Under the Japan Overseas Cooperation Volunteers (JOCV) Special In-Service Teacher Participation Scheme6 which was established in FY2001, a total of 353 in-service teachers have been dispatched over five years and are actively working in many parts of the world.
< Supporting the South-South Cooperation in the Field of Education >
Japan's support of science, mathematics, and engineering education has now developed into the South-South Cooperation, which consists of support provided via other countries within the region. In Africa, Strengthening of Mathematics and Science in Secondary Education in Western, Eastern, Central and Southern Africa (SMASSE-WECSA) was founded as an intra-regional collaborative network centered on the SMASSE*2 project that Japan has been supporting in Kenya since 1998. SMASSE-WECSA conducts activities to spread an approach of restructuring the lessons for secondary mathematics and science education established by the SMASSE project to other African countries. This approach introduces experiments and practical training, and also promotes the originality and ingenuity of teachers. Additionally, in 2004 Japan joined the Association for the Development of Education in Africa (ADEA).7 Since then Japanese has taken initiative in setting up a working group for mathematics and science. It has also been contributing in communalizing the knowledge and experience of SMASSE-WECSA, as well as in formulating assistance trends for mathematics and science education. In Central and South America, Japan started the Project for the Improvement of Teaching Methods in Mathematics (PROMETAM)*3 in Honduras in 2003. This later became a core of the region-wide cooperation targeting the four intra-region countries of Nicaragua, El Salvador, the Dominican Republic, and Guatemala.8 At the level of higher education as well, Japan is making the most proactive efforts for the South-South Cooperation (including tripartite cooperation) among the donor countries. This is exemplified by the initiation in 2003 of the ASEAN University Network/Southeast Asia Engineering Education Development Network, which links the 10 countries of ASEAN with Japanese universities.
Science and math education by a JICA expert in Honduras (Photo: JICA)

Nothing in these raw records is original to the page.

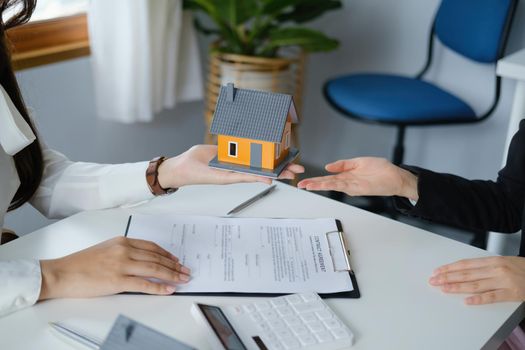 Guarantee, mortgage, agreement, contract, sign, real estate agent delivers the house to the customer after signing important contract documents.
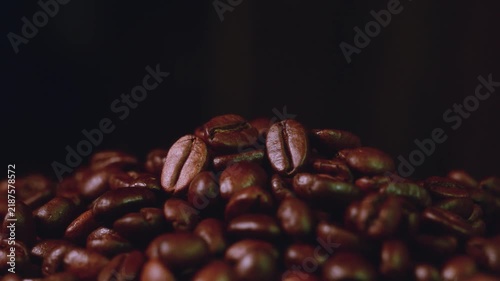 Pile of roasted coffee beans stock video footage close up on dark surface. Stock video footage of a close up pile of roasted coffee beans on a dark moody surface for food and drink concepts.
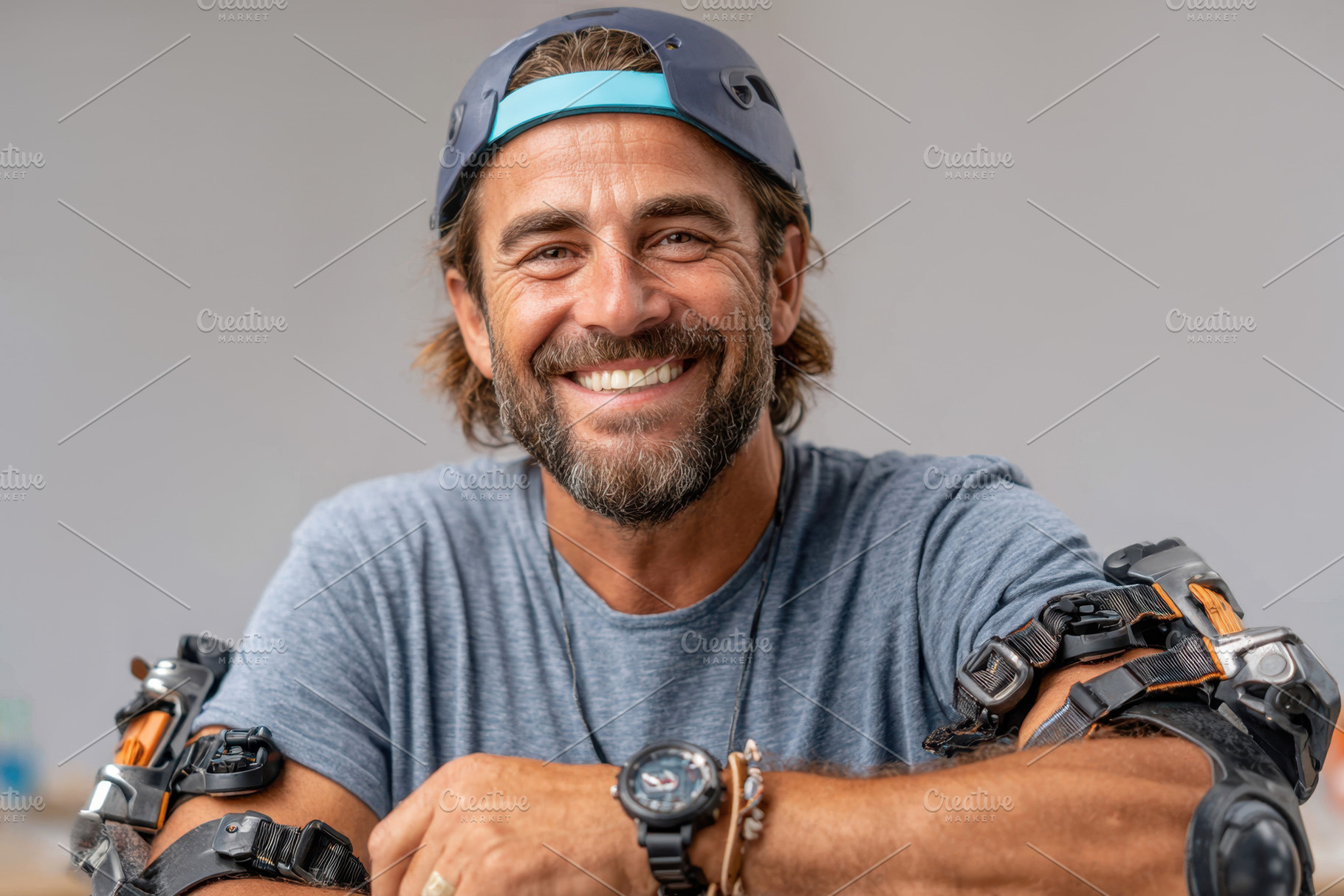Smiling man in protective gear enjoying outdoor activity, a Person Photo by AlyaAnd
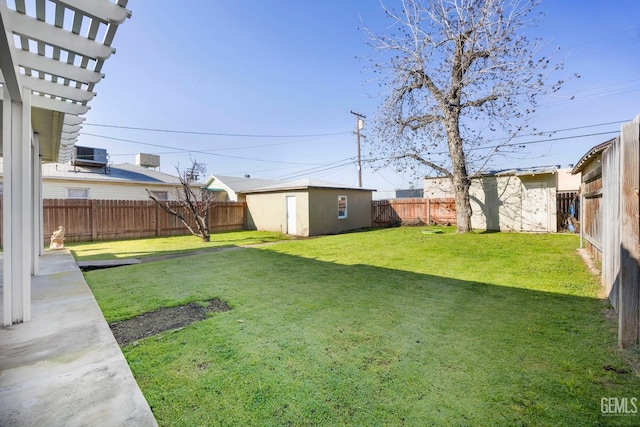 1909 Carrere St, Bakersfield, CA 93308 - view of yard featuring a fenced backyard, central air condition unit, an outbuilding, and a pergola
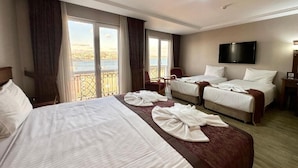 A hotel room with a large bed, two smaller beds, a TV, and a balcony with a view. - Askoc Hotel ve Spa (Istanbul)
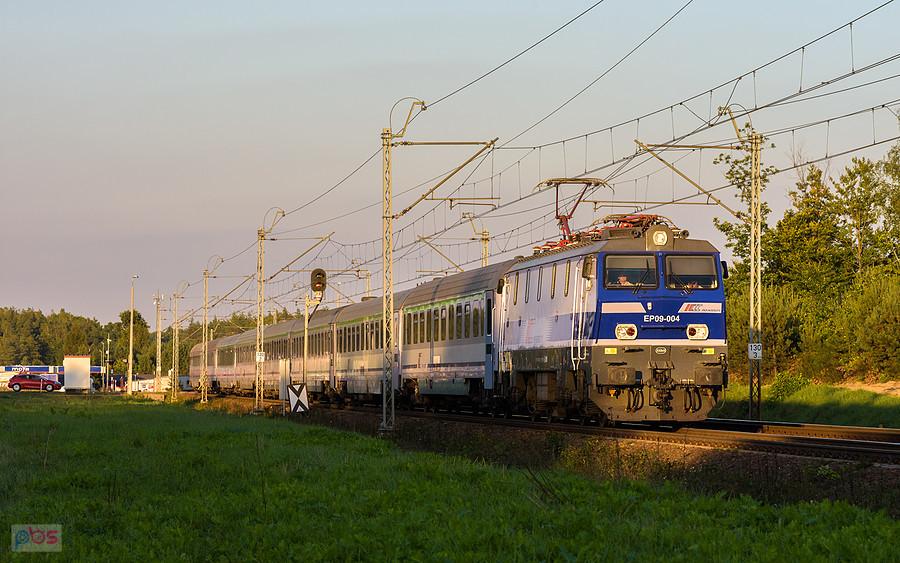 W ostatnich promieniach zachodzącego słońca EP09-004 na czele poc. IC 3700 "Siemieradzki" relacji: Przemyśl Główny - Poznań Główny wjeżdża do miejscowości Pietrzaki. Szlak: Blachownia - Herby Stare, linia D29-61.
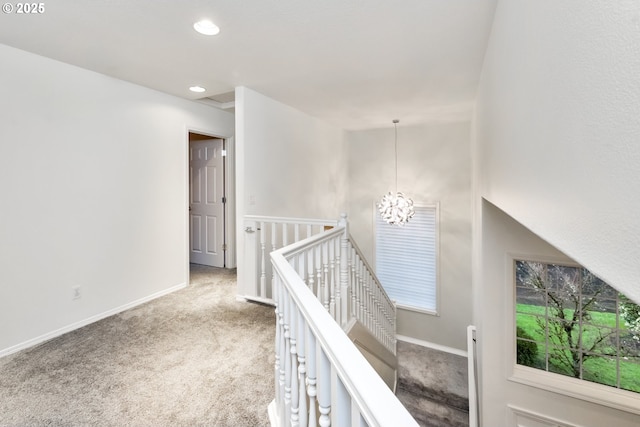 hallway featuring an upstairs landing, recessed lighting, an inviting chandelier, carpet flooring, and baseboards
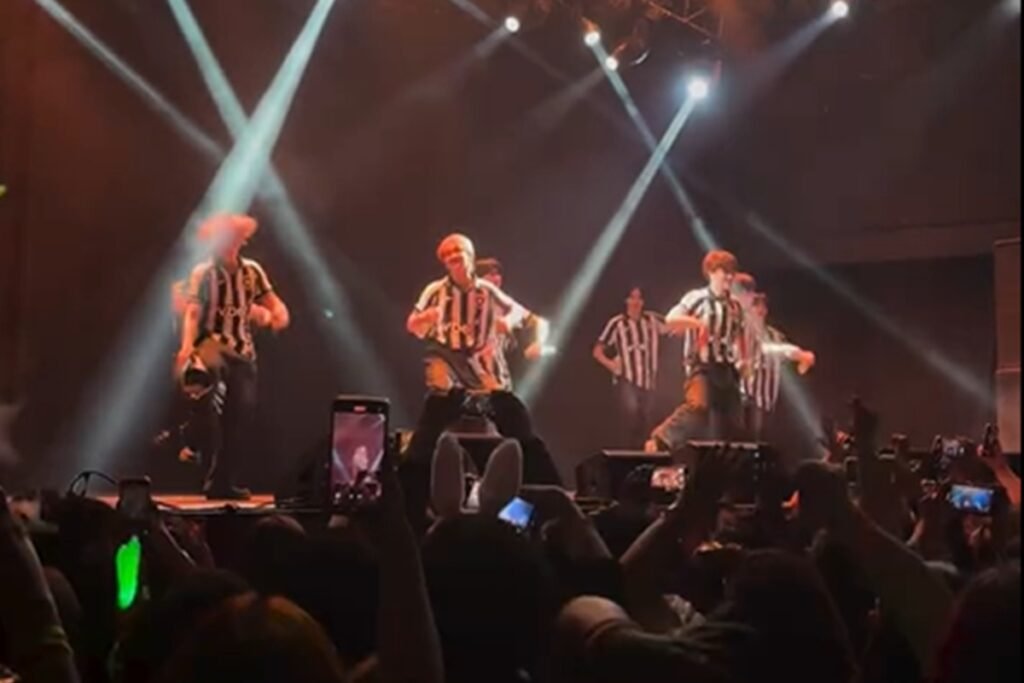 Print de um vídeo colorido da banda NTX - Metrópoles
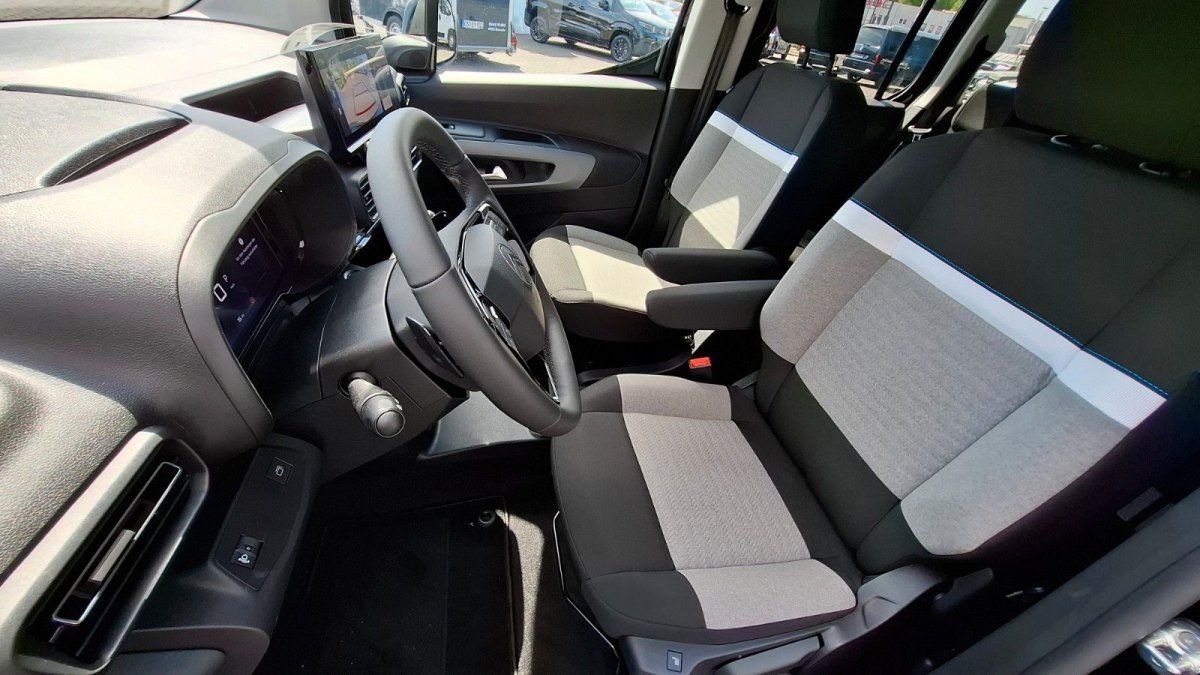 Fahrzeug-Innenraum mit zwei schwarzen Sportsitzen und beigen Akzenten in modernem Showroom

Chart II-11 Japan's Assistance for Science and Mathematics Education in FY2005
<Supporting the Decade of Education for Sustainable Development>
In addition to the efforts for education as mentioned above, at the 2002 World Summit on Sustainable Development (WSSD), Japan proposed the United Nations Decade of Education for Sustainable Development (UNDESD),9 which was adopted at that year's UN General Assembly. Japan contributed US$100,000 for this initiative in March 2004. Starting in January 2005, the initiative was launched with Japan assisting UNESCO, which is the lead agency for promoting UNDESD, in the formulation of the International Implementation Scheme. Furthermore, Japan also set up the UNESCO/Japan Funds-in-Trust for the Promotion of Education for Sustainable Development in FY2005 to assist UNESCO's efforts, including community- and school-based activities and the development of teaching materials related to education for sustainable development. In addition, in June 2006 in Sendai at the Third Dialogue on Environmental Education of the Asia Cooperation Dialogue (ACD), Japan announced its Action Plan for DESD which had been formulated in March 2006. Japan is working to promote the UNDESD through exchanging opinions with Asian countries about each other's efforts.